What to do: Would you please print exactly the lines that run from the one with "Phlox Early Lavender Pop" to the last line of the data, both included, without any pictures?

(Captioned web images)
-=-=-
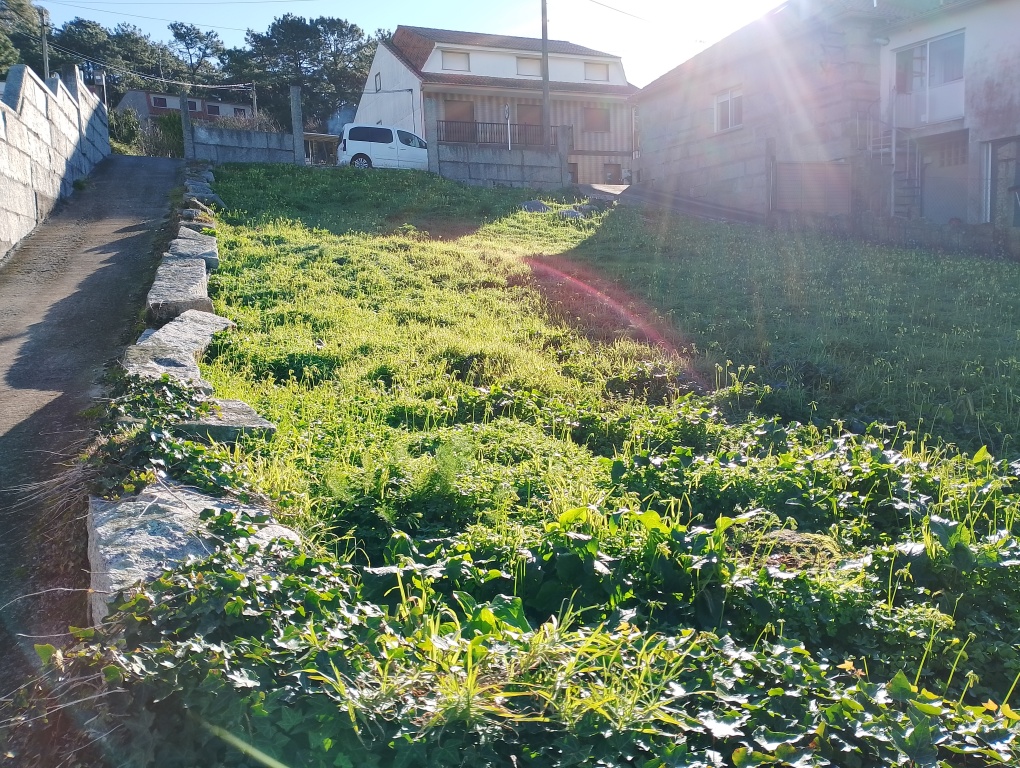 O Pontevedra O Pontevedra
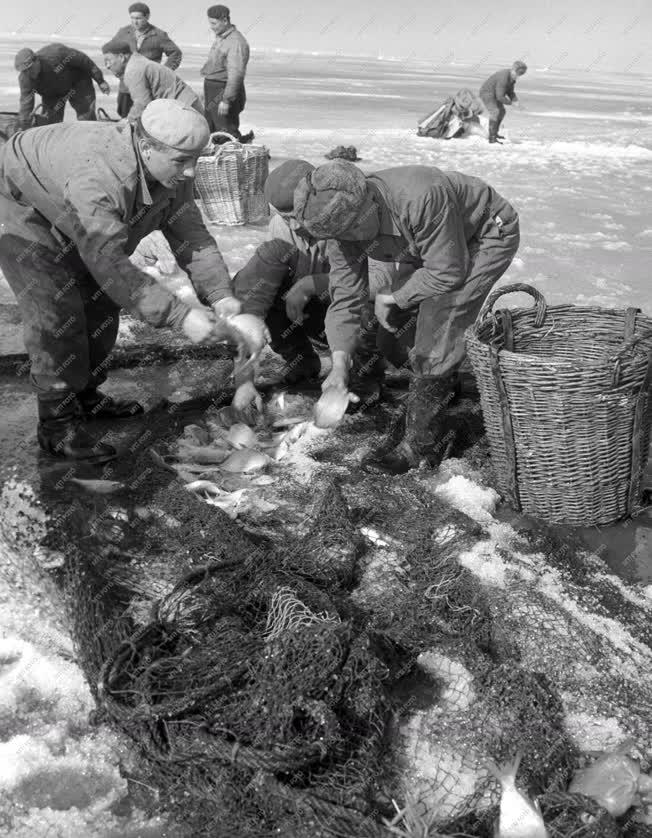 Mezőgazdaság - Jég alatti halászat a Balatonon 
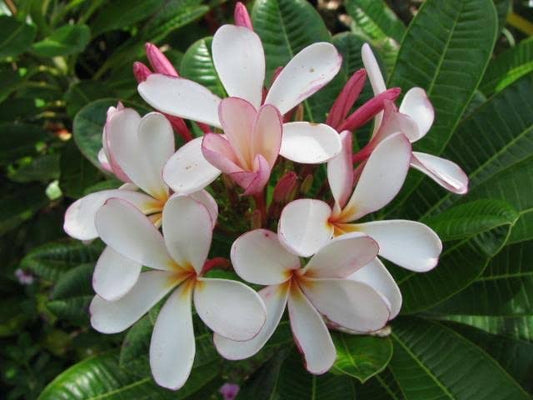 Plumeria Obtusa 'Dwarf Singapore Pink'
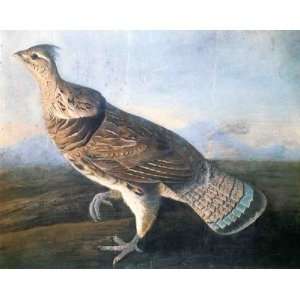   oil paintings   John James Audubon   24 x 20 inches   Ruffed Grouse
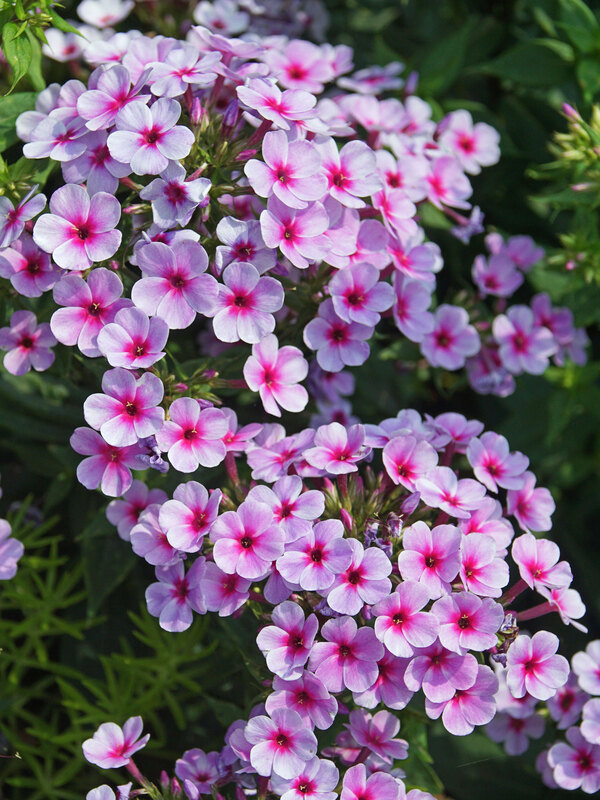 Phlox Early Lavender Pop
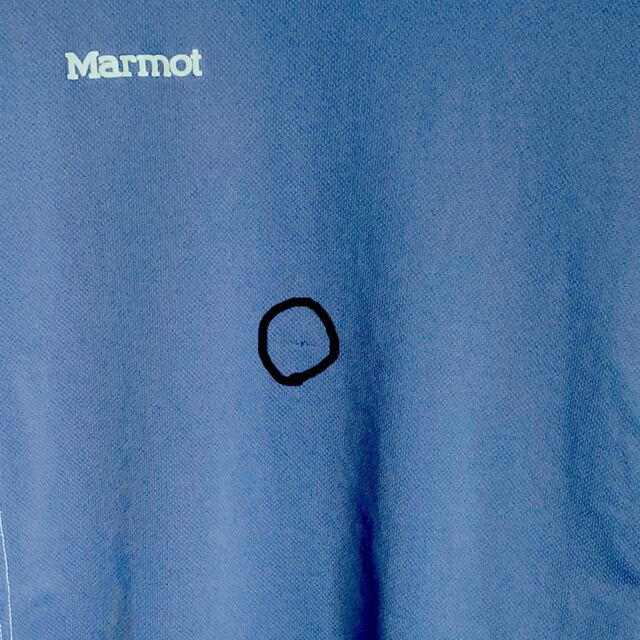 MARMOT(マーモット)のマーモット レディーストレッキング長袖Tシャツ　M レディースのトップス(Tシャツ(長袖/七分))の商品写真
-=-=-
Exercise solution:
 Phlox Early Lavender Pop
 MARMOT(マーモット)のマーモット レディーストレッキング長袖Tシャツ　M レディースのトップス(Tシャツ(長袖/七分))の商品写真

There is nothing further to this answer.